(EXERCISE BRIEF)
Could you give again exactly, and only, the lines from the one holding "sohome Kapstok Liona" through the end of the data, both ends included, with pictures left out?

━━━━━━━━━━

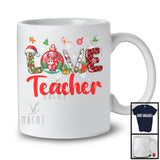 LOVE Teacher; Adorable Christmas Plaid Ornament Reindeer Snow; Teacher X-mas Group T-Shirt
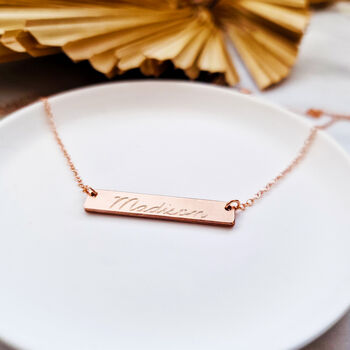 Personalised Name Bar Necklace With Hidden Message, 8 of 11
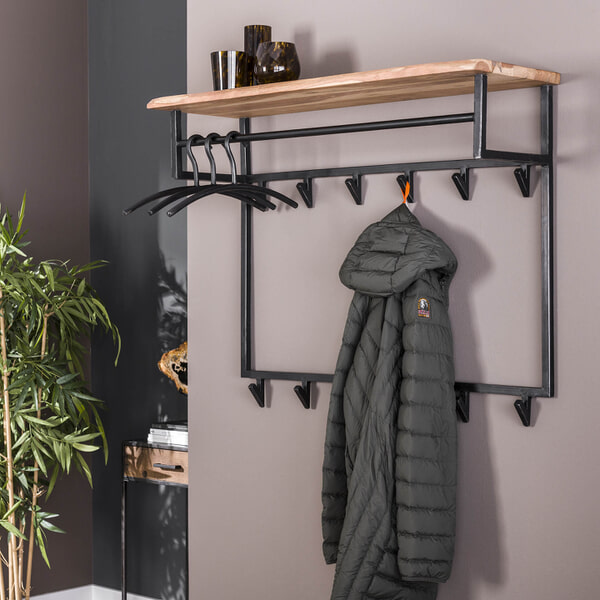 sohome Kapstok Liona Acaciahout en metaal met 12 haken en plank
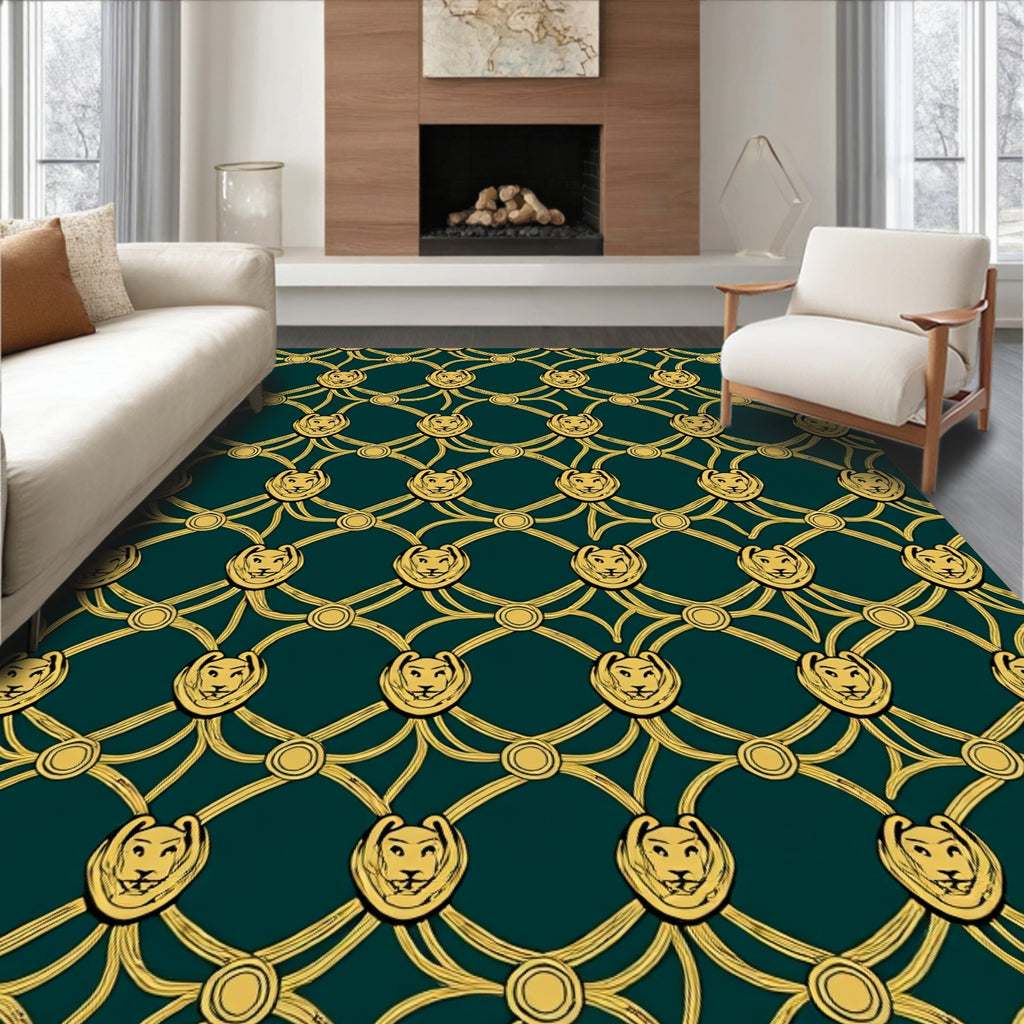 Golden Lion Heads Lattice Pattern Rug
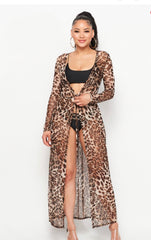 Leopard Mesh Cover Up Robe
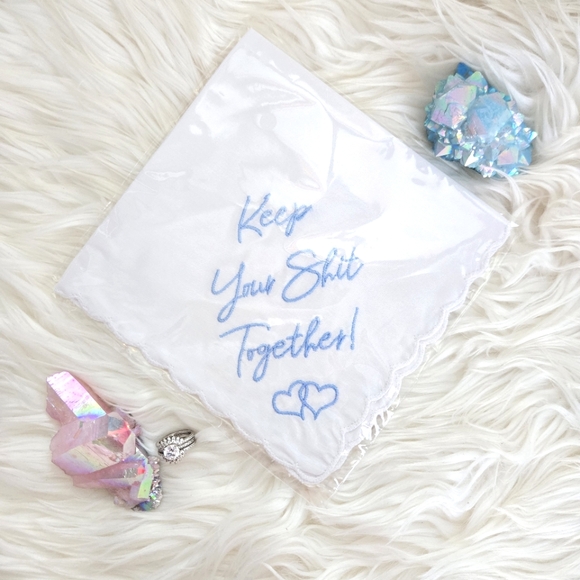 NWT • White Cotton Handkerchief Wedding Keepsake Set (x6) with Blue Embroidery - Picture 2 of 4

━━━━━━━━━━

(SOLUTION)
 sohome Kapstok Liona Acaciahout en metaal met 12 haken en plank
 Golden Lion Heads Lattice Pattern Rug
 Leopard Mesh Cover Up Robe
 NWT • White Cotton Handkerchief Wedding Keepsake Set (x6) with Blue Embroidery - Picture 2 of 4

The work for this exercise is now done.